Together they can cover accidental deletion, corruption, or a desire to revert to an older version of a changed file. They can cover complete loss of a volume due to accidental deletion or multiple RAID failures. Assuming you’re replicating all volumes, they can even cover the loss of all data on a single storage system.
If you have enough snapshot space for your rate of data change and a large enough number of snapshots available, you can store a high granularity of snapshots for a long retention period.
The only situation can imagine that I don’t see covered then by snapshots plus replication is one in which some underlying bug caused WAFL corruption on the original which was them propagated to the replica leaving you with two bad copies. Of course, if you have such a problem odds are good that the effects of it also were replicated to tape in the form of backups of that bad file system. The advantage of tape backups then would be that you could presumably go back far enough that you’d find a backup from prior to the point when the corruption was introduced. Such a circumstance would be horribly unlikely to ever occur however.

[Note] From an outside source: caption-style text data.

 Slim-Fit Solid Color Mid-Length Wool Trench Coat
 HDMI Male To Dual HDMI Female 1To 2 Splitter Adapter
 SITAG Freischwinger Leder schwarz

That said, I don’t see snapshots plus replication as the sole components of a complete backup strategy as being a sound strategy. That is because there are two problems that normally need to be solved that are mutually exclusive. One is the need to have backups off site to guard against a site-based disaster (fire, flood, etc.) and the other is nee need to perform rapid recovery. The feasibility of getting either is simple enough, but both at once is somewhat impractical.

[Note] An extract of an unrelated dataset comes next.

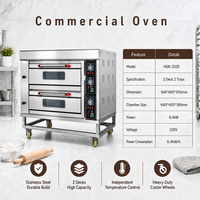 Four à sole électrique commercial HGB-202D en acier inoxydable industriel, équipement de boulangerie avec thermostat réglable et base mobile pour le pain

For instance, you can place two storage controllers in the same data center and have high speed connectivity for restoration of storage. In fact, you can simply switch the backup copy, promoting it to ‘live’. Then you can rebuild and restore the data in the background on the original storage system. But then you won’t have geographical separation of your live data and your backup. You’d require yet another copy of the data for that (such as a third storage system at a remote site, or a set of tapes sent offsite).

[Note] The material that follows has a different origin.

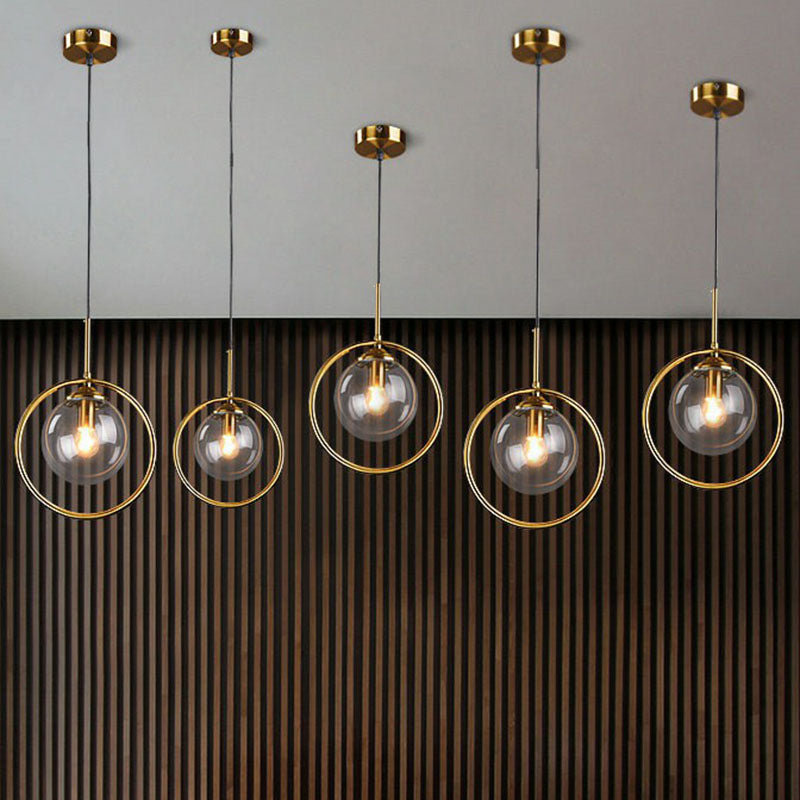 Postmodernist Ball Shade Down Lighting Pendant Glass 1-Light Kitchen Hanging Light with Decorative Ring Clearhalo 'Ceiling Lights' 'Modern Pendants' 'Modern' 'Pendant Lights' 'Pendants' Lighting' 2254887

You could replicate solely to a remote site, but then in the event of a data loss, you’d need to restore from the remote copy to the local over some form of WAN link. For any substantial quantity of data to be restored, the restore time would be prohibitive due to the bandwidth limitations. You could of course resolve such a difficulty with a completely redundant infrastructure so that your applications could also fail to the remote site. The point is that for backup and restore alone, it is insufficient.
Now, if you’re willing to implement that redundant infrastructure, used aggressive network caching such as FlexCache, WAN optimization hardware, nice fat pipes between sites, and so on, using snapshots and replication can be a fabulous solution and can finally truly be considered as the be all and end all of your backup solution…
But even then there is one more problem. What do you do if you accidentally break the replication and need to resynchronize? Well, you can perform an initial sync and wait for days during which you are exposed should a failure occur, or you can use SnapMirror to tape to establish a baseline. It seems that getting away from tape is pretty hard to do.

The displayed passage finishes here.